There is a lot of confusion around about the significance of the statistic “parse calls”. The important thing to remember is that it is simply counting a certain type of call from the OCI library – the amount of work done by a parse call may vary enormously depending upon circumstances, and sometimes the amount of work is so tiny that it’s not worth worrying about.
A “parse call” may:
a) Have to optimise the statement because it failed to find it after searching the library cache
b) Find the statement after searching the library cache, and still have to optimise it for various reasons, e.g. the previous plan has been flushed from memory or the same text applies to different objects depending on who is executing it.
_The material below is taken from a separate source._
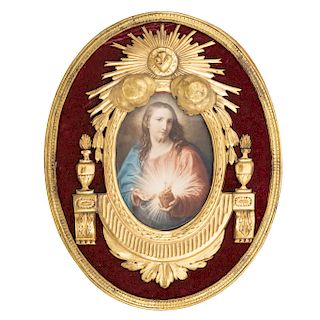 BRONZED FRAME WITH IMAGE OF THE SACRED HEART OF JESÚS. MEXICO, 20TH CENTURY. Wooden and bronze framework with red velvet details. 4.5 x 7 in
c) Find the statement after searching the library cache and not have to optimise it because the plan is still available and the user has the appropriate privileges.
d) Operate through the session cursor cache or pl/sql cursor cache allowing it to use a short cut to the statement’s location in the library cache without having to search the cache.
When the Oracle increments the counter for “parse calls” you still have to work out whether that call turned into (a), (b), (c) or (d).
Just to confuse the issue, Oracle may also record a “parse count (hard)” without recording a “parse call”.
Update Jan 2011
Randolf Geist has been looking at adaptive cursor sharing, and has noted that the parse call – including parse calls that go through the session cursor cache – seems to be the point in the code where adaptive cursor sharing can take place: in other words, it’s not an event that gets triggered or flagged by executions.